Kelly responded that it was "fair game" to consider protected speech as evidence of criminal intent. "People's fear that if they get violent their words will be used against them - there's simply no legal reason why that can't be," he said. But he agreed that the Proud Boys' conduct, while "extremely serious," wasn't the same as trying to "blow up a skyscraper."

Prosecutors argued Biggs had "talents" that gave him particularly dangerous. As a former employee of Infowars host Alex Jones, who helped organized the rally that preceded the riot, Biggs had a national platform. As a combat veteran, he had military experience. And he was close with Tarrio, who was barred from D.C. before Jan. 6 over the theft and destruction of a Black Lives Matter flag at an earlier protest.

With Tarrio unavailable, Biggs was put in charge of the Proud Boys on-the-ground efforts alongside Ethan Nordean of the Seattle area, who is set to be sentenced Friday.

"Biggs maintained his leadership position throughout the day on January 6," prosecutors said in their sentencing memorandum, directing a "relentless effort" to intimidate lawmakers confirming the electoral count.

A large contingent of Proud Boys marched to the Capitol before Trump directed his supporters there.
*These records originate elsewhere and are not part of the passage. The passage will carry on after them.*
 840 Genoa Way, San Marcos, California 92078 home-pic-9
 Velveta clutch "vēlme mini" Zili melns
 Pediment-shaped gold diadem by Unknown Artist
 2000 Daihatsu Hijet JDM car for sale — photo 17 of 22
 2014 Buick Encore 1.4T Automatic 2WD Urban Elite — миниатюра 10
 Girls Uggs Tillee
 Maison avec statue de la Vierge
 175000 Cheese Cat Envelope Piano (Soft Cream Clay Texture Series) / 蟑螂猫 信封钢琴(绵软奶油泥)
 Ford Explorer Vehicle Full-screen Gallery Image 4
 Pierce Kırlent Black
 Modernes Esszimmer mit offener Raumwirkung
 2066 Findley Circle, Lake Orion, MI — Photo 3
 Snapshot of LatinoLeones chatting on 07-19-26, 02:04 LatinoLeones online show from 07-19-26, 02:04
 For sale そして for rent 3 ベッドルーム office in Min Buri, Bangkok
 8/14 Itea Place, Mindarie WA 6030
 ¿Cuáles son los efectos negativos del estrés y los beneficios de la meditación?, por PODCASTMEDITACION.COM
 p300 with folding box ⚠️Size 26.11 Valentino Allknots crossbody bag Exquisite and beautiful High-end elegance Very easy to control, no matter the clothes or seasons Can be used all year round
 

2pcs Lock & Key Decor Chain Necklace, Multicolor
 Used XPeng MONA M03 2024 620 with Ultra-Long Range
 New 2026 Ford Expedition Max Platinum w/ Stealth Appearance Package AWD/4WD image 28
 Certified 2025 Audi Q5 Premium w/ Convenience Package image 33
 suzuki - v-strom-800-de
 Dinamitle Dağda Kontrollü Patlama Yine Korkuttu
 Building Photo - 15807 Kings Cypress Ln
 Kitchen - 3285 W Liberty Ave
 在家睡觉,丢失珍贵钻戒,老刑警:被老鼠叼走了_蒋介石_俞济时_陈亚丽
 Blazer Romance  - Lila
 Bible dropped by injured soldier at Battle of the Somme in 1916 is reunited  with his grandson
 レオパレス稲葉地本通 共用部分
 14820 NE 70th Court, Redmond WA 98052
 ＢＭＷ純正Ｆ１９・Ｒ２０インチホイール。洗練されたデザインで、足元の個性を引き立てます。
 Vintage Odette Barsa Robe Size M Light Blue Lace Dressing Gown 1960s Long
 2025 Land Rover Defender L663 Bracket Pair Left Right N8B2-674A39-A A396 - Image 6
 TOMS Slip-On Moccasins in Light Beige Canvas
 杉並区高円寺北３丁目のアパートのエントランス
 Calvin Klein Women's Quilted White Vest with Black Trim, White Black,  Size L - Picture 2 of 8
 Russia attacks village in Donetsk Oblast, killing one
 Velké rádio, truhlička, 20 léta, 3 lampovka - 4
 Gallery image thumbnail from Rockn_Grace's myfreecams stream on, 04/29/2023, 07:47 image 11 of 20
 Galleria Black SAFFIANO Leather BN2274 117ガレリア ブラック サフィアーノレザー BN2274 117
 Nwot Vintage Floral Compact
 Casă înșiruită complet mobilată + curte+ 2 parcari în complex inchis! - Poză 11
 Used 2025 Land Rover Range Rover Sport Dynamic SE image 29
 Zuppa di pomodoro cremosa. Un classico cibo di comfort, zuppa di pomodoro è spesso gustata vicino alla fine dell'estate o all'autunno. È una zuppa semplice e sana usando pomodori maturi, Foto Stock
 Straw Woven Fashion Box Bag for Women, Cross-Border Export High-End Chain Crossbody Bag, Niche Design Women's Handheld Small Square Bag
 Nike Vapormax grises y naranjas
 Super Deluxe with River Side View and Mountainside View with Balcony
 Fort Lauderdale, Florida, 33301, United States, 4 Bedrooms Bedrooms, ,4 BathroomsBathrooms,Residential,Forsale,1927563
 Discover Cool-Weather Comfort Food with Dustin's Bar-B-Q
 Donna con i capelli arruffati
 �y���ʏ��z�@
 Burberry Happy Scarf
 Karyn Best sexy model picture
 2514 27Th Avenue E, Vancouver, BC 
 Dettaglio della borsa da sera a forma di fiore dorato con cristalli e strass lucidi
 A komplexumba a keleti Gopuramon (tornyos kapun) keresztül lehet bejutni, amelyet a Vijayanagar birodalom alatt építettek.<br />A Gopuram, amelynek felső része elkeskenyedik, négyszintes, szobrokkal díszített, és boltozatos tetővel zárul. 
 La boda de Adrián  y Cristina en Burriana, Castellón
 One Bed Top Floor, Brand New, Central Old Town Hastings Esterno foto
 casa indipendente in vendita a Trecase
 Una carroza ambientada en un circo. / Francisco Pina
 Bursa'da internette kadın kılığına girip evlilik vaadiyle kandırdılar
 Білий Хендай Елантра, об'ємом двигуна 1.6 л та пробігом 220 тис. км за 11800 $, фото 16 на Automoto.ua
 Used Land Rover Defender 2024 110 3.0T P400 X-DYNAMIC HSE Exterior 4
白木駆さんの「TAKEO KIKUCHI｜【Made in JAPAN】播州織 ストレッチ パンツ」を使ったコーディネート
Then, prosecutors say, Biggs led the growing mob forward through barricades and into the building. Capitol Police Officer Shae Cooney testified earlier in the week about standing on the other side of that crowd, trying to keep them out. She couldn't stop to connect with her family, she said, or to check on Officer Brian D. Sicknick, who collapsed hours after the riot and died the next day.

"They decided to break the law, assault officers and cause an officer to lose his life and have other officers take their lives because of things that they saw," Cooney said. "Because the people in this courtroom decided that they weren't happy with how an election went."

After the riot, Biggs lied to the FBI, saying first that he wasn't at the Capitol and then that he was but he never went inside. He also encouraged other Proud Boys to delete any potentially incriminating messages after Tarrio's arrest. Like several other Proud Boys, Biggs was in contact with federal agents in advance of Jan. 6 but only provided information about the group's enemies on the left, according to court records.

Later Thursday, Kelly is also scheduled to sentence Zachary Rehl of Philadelphia, another member of the Jan. 6 leadership group. Tarrio was scheduled for sentencing Wednesday, but that hearing was moved to next week. Prosecutors are asking for a 30-year sentence for Rehl.

Representing both Biggs and Rehl, defense attorney Pattis argued that they were not responsible for the violence of others or for Trump's efforts to undermine the democratic process. Of the five Proud Boys who went on trial together, only one was convicted of assaulting an officer - Dominic Pezzola, for stealing a police riot shield that he then used to break a window and create the rioters' first point of entry into the Capitol building. Pezzola was also the only defendant acquitted on the seditious conspiracy charge.

"There is a crisis of legitimacy in this country," Pattis said, but "to suggest that this is the responsibility of Mr. Biggs is silly." He questioned why Trump was not charged with seditious conspiracy when he was indicted on other felonies related to the 2020 election.

The judges imposing felony sentences in Jan. 6, 2021, cases have largely gone below federal sentencing guidelines and prosecutors' recommendations. On Wednesday, U.S. District Judge Amit P. Mehta imposed a term of 15 months on the wife of Oath Keepers leader Kelly Meggs, calling guidelines of 97 to 121 months for the 62-year-old woman "overly harsh." He previously sentenced Meggs, convicted of seditious conspiracy with Rhodes, to 12 years in prison.